Con il solo linguaggio che conoscono, il denaro. Paghiamoli, paghiamoli per smettere, e prospettiamo loro attività ancor più lucrose, che consentano di continuare a farli vivere nei loro universi dorati e ignari, ma che almeno non facciano troppi danni.
Certo, si può ribattere facilmente, e i soldi dove li prendiamo? Hai idea di quanti ne servirebbero? Solo i governi, un governo del mondo, potrebbe forse porsi un obiettivo così ambizioso, ma lo vedi come finiscono a tarallucci e vino i protocolli e i buoni propositi?
Eh? Beh ecco... ma io, veramente...
Sì ok, avete ragione, adesso sono sveglio...
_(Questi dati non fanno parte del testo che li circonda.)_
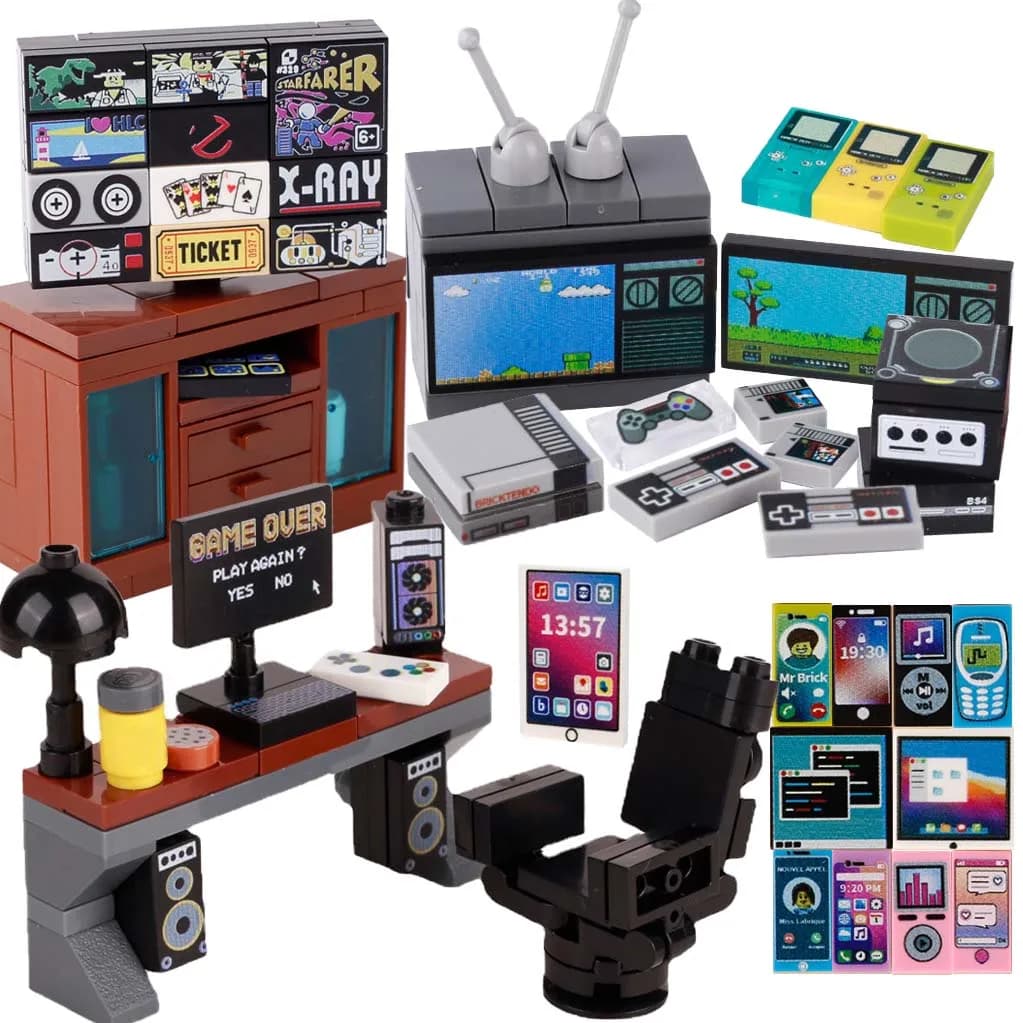 Console de jeu MOC, modèle d'ordinateur, blocs de construction, Mini lecteur de jeu TV, téléphone po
Aiuto! Si accettano consigli!
Giancarlo Sturloni scrive un libro che potrebbe essere una sorta di fight club dell’ambientalismo. Qui tutto quello che viene raccontato dalla voce fuori campo, di una professionalità conclamata e di chi vuole togliere qualsiasi sorta di buonismo ecosociale, va dritto al sodo e non crea allarmismo ma solide incertezze sulle proprie azioni, sulle direzioni internazionali e la capacità auto degenerativa dell’umanità. La Terra è in crisi e questa crisi siamo noi, se siamo così superficiali da pensare che tutto finirà non abbiamo fatto i conti con il pianeta, che di noi se ne fotte altamente e andrà comunque avanti.
IL PIANETA TOSSICO è un incredibile e incendiario studio romanzato sull’ambientalismo e le sue pieghe. Un libro necessario per una coscienza della sopravvivenza.